Friday, October 31, 2008
I spotted Jacob on the section of Main Street that passes through the middle of downtown Binghamton. I thought he might be waiting for a bus, but when I asked him if I could take his picture, he said he had time. He said he wasn't doing anything - just looking for a job.
We started walking down Main Street together, across the river and past the high school, into a seedier part of town where drunk war veterans sit on stoops outside homes and teenagers in bulky jackets meet on corners. Jacob told me they call this "The Strip" and at night, you can see prostitutes and drug dealers.
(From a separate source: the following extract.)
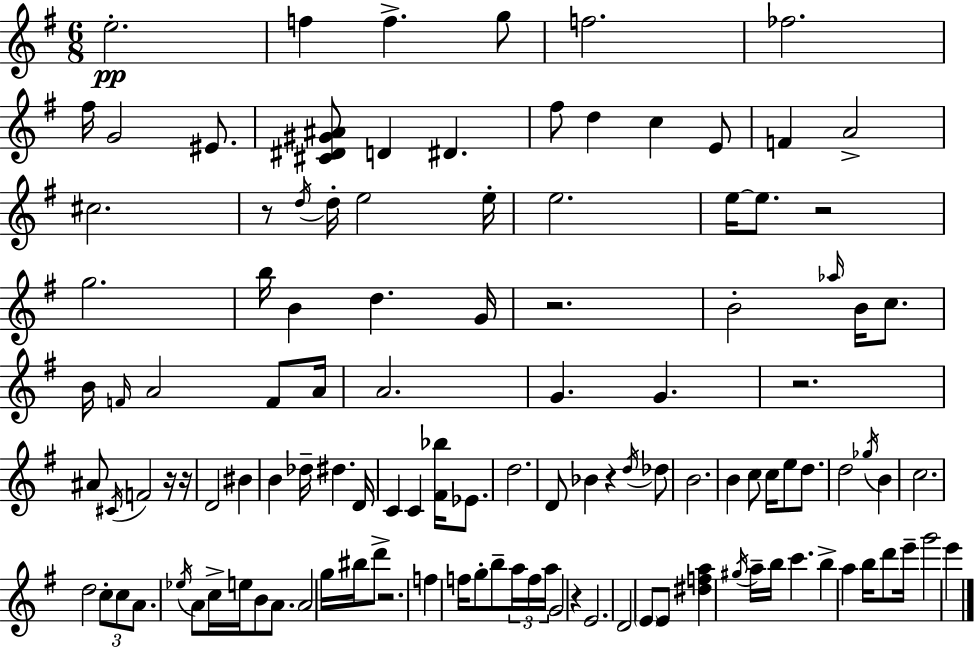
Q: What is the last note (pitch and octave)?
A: E6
When I told Jacob that I live in Brooklyn, he told me he planned to move there someday. He said he had friends in the Heights and he had some idea of what neighborhoods you could actually live in. He thought he might have better luck getting a job in a bar or a restaurant and he might feel less alone in the city. Binghamton felt small to him, and sometimes there was no one around and nothing to do. He said you could fit everyone out on the street in Binghamton onto one block in Manhattan.
I asked him if he tried to get a job in a bar or a restaurant in Binghamton, and he said he'd have to work in the back - washing dishes or something - on account of his tattoos. Then I asked if he could do anything, what would he do.
"What's your dream job?"
Jacob told me his dream job was to be a construction worker. I wondered how hard it could be for a strong and strapping twenty-year-old guy like Jacob to find a construction job, and he said, "It's harder than you'd think."
I asked about his family, and he said they had their own problems and he didn't lean on them for help too much. His parents lived in Florida and he had a brother in Binghamton. When I wondered aloud if he was ever tempted to use drugs, he said, "No, that stuff will mess you up real bad."
When we passed a launderette, Jacob said he'd like to buy one of those. He thought you could make a lot of money off those coin machines.
We talked about the election and if the economy might change for the better. He wanted to know who I planned to vote for and when I told him Obama, I held my breathe to see how he would respond. He said, "Yeah, I'd vote for him too."
Before we said goodbye, Jacob looked me over and asked, "Is that the hippie look or just the laid back look?"
I said I definitely didn't consider myself a hippie, so I guess it was the laid back look.
He also wanted to know what I was taking these pictures for, what I was trying to do. I told him I was interested in the struggle of being his age in a place like Binghamton.
I gave him my card and asked if he had an email address so I could send him a photo. He said he was planning to set up a yahoo address at the library, and this week, I got a message from "Joker B".
When I mentioned Jacob to my girlfriend, I said," He wants to live in New York City."
"Don't they all," she replied.
I am leaving for Binghamton again tomorrow. I voted yesterday at the Board of Elections and I plan to celebrate Obama's victory on a late night bus back to New York City on Tuesday that makes a stop in the Greyhound Station in Scranton, Pennsylvania - Joe Biden's hometown.
I hope I see Jacob again - to take more pictures, perhaps, or simply to see how he is doing.